◆ **About this exercise**
Images don't belong in the copy. Output the rest of the data exactly.

(Beginning of Recorded information)

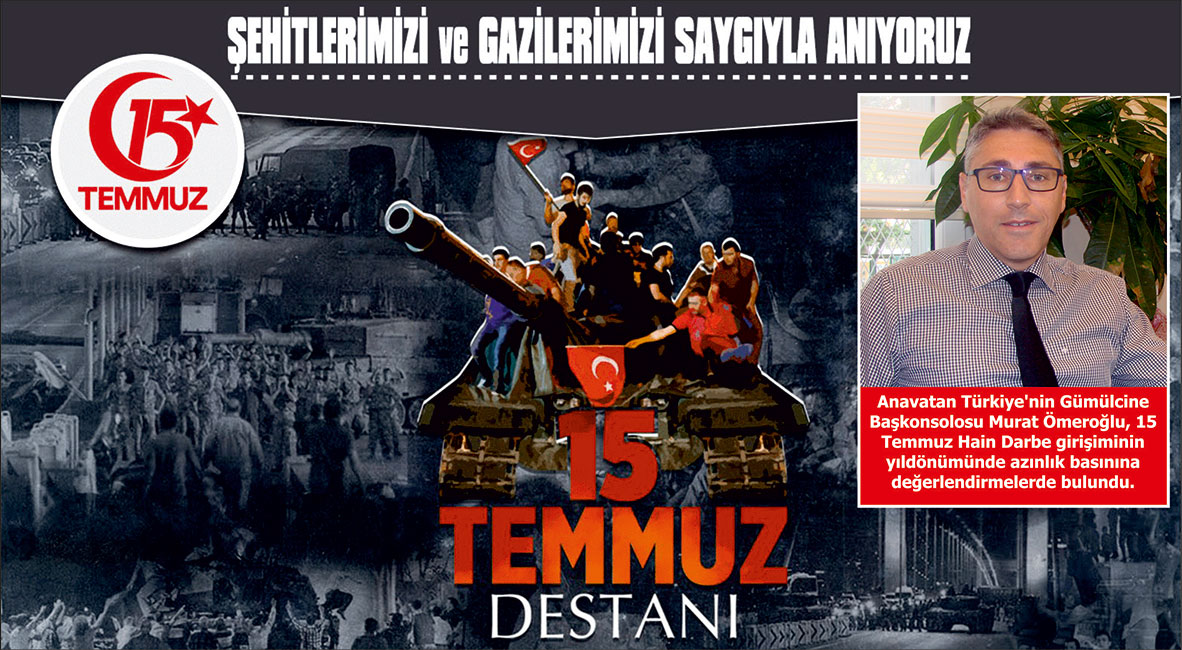 15 Temmuz Destanını UNUTMUYORUZ, UNUTTURMUYORUZ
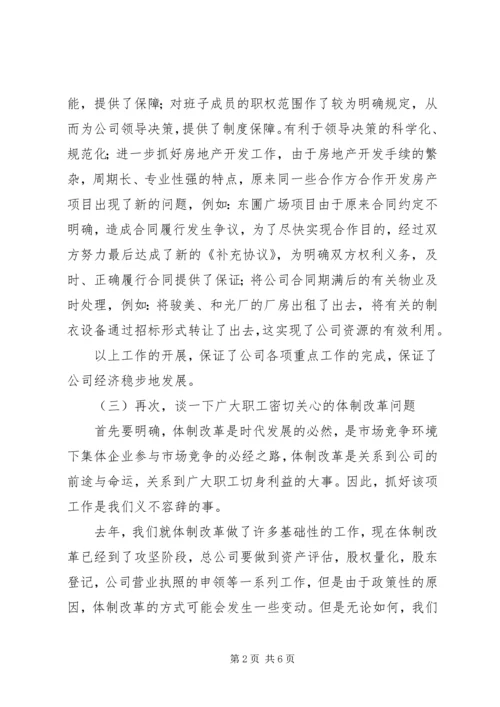 企业上半年总结范文总结.docx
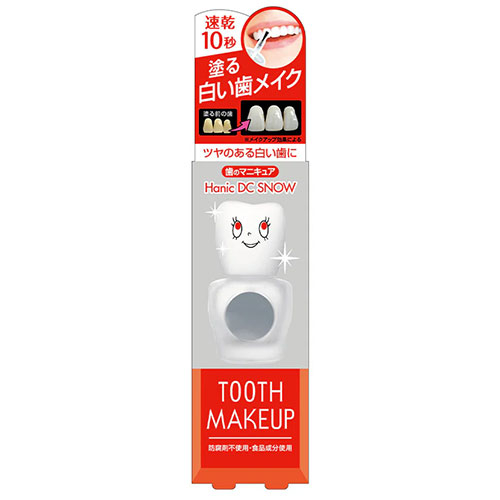 ハニックDC スノー　5ml 4個セット ハニックDC スノー｜【ハンズネットストア】
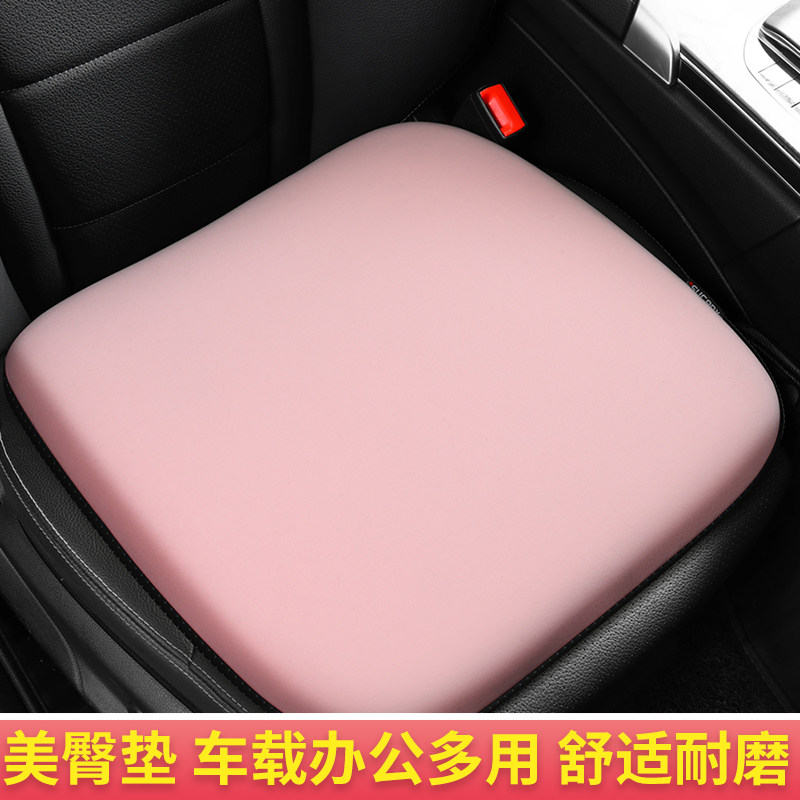 汽车用驾驶增坐垫久坐透气货车屁股座椅塌陷垫子夏季单片座垫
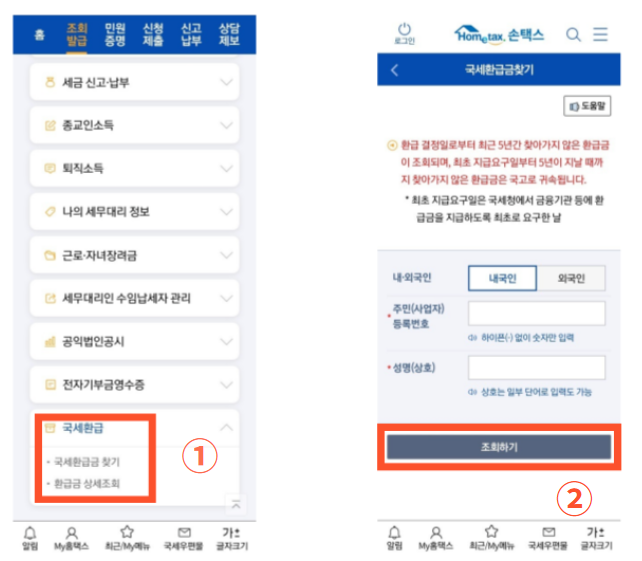 국세 환급금 조회방법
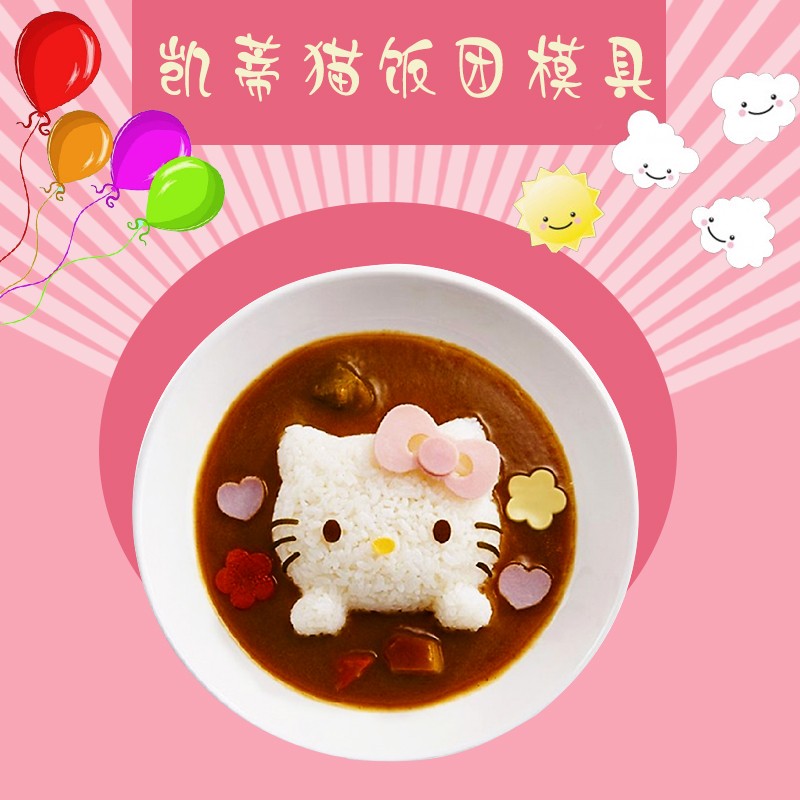 新款kitty飯團模具大號KT貓造型米飯diy咖喱飯蓋澆飯卡通便當工具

(End of Recorded information)

◆ **Output for this task**
 15 Temmuz Destanını UNUTMUYORUZ, UNUTTURMUYORUZ
 企业上半年总结范文总结.docx
 ハニックDC スノー　5ml 4個セット ハニックDC スノー｜【ハンズネットストア】
 汽车用驾驶增坐垫久坐透气货车屁股座椅塌陷垫子夏季单片座垫
 국세 환급금 조회방법
 新款kitty飯團模具大號KT貓造型米飯diy咖喱飯蓋澆飯卡通便當工具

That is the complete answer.